• What you need to do:
Read the records below and copy each line that contains "show".

■ ■ ■ ■ ■

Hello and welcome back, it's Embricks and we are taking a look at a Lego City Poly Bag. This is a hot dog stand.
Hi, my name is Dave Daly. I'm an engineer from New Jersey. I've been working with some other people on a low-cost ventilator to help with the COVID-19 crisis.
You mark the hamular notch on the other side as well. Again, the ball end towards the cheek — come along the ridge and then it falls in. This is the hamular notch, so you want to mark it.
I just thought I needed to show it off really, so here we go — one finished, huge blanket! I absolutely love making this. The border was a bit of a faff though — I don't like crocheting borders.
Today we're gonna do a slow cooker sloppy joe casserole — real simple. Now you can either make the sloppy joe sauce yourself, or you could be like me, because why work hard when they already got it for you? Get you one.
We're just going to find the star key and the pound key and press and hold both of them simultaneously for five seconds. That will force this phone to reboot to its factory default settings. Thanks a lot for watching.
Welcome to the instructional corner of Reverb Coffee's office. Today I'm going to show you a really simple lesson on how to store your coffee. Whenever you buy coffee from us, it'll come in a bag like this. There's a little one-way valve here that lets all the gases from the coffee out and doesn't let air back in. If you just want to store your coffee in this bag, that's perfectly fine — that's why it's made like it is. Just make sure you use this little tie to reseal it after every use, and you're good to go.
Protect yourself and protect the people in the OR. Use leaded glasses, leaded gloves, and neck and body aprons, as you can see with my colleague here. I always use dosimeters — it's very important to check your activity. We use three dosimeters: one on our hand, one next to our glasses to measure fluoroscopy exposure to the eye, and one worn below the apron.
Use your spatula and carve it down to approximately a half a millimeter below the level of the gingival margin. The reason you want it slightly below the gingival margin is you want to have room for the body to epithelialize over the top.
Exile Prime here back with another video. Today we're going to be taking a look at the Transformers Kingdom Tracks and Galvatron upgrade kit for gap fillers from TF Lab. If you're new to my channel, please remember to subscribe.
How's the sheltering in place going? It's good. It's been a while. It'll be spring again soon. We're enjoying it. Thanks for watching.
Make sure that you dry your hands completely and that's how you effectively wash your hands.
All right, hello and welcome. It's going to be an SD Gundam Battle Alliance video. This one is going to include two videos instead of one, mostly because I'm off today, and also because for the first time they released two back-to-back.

■ ■ ■ ■ ■

• Solution for this problem:
I just thought I needed to show it off really, so here we go — one finished, huge blanket! I absolutely love making this. The border was a bit of a faff though — I don't like crocheting borders.
Welcome to the instructional corner of Reverb Coffee's office. Today I'm going to show you a really simple lesson on how to store your coffee. Whenever you buy coffee from us, it'll come in a bag like this. There's a little one-way valve here that lets all the gases from the coffee out and doesn't let air back in. If you just want to store your coffee in this bag, that's perfectly fine — that's why it's made like it is. Just make sure you use this little tie to reseal it after every use, and you're good to go.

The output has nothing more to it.